Lucas de Lima Tagliapietra (born 5 November 1990), known simply as Lucas, is a Brazilian professional football player who plays for Portuguese club Penafiel  as a defender.

Career
Born in Alegrete, Rio Grande do Sul, Lucas began his career in the state with Santa Cruz in 2010. He then played for TSW Pegasus FC, where he was twice Hong Kong league runner-up, and once a domestic cup finalist. After that he moved to Moldova's FC Dacia Chișinău, and in 2013 transferred to another team in their league, FC Milsami. He left the club when they were in fifth position.

Lucas signed for Scottish club Hamilton Academical on a one-year contract on 30 January 2015. He made his debut in the Scottish Premiership on 22 February, replacing Martin Canning for the last seven minutes of a 4–0 defeat away to league leaders Celtic. On 16 May he scored his first goal for the club, heading in Ali Crawford's corner to open an eventual 2–1 loss away to Ross County. After breaking into the first-team he extended his contract with the club in May 2015, until the end of the 2015–16 season.

Lucas left The Accies in July 2016, and signed a contract with Boavista F.C. as a free agent. He scored his first goal for the club in the first day of the season, in a 2–0 home win against Arouca on 14 August. On 18 September, his errors led to both goals in a 2–1 loss to Feirense also at the Estádio do Bessa; the latter was a handball that denied a goal for Platiny and earned a red card. Manager Erwin Sánchez said that the blame for the defeat was shared across the whole team, not just Lucas.

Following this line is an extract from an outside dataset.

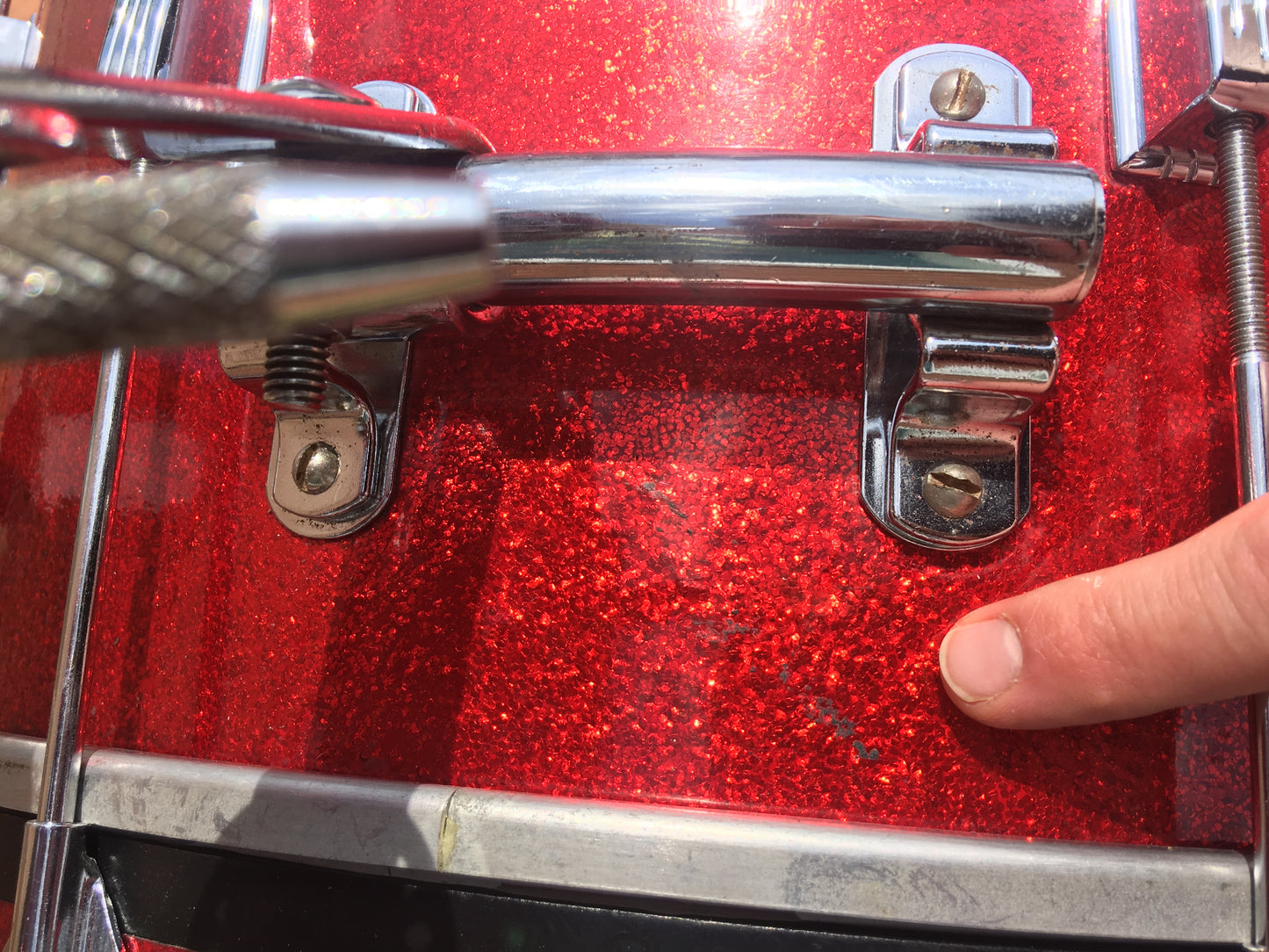1966 Ludwig Club Date Drum Set - Red Sparkle 22/13/14x14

In June 2017, Lucas returned to South America when he signed a four-year deal at LDU Quito in Ecuador, who purchased 50% of his economic rights.

After a year at Al Batin FC in the Saudi Professional League, Lucas returned to Boavista on a two-year deal in July 2019. He left again after one season and signed a contract of the same length for Portimonense in September 2020.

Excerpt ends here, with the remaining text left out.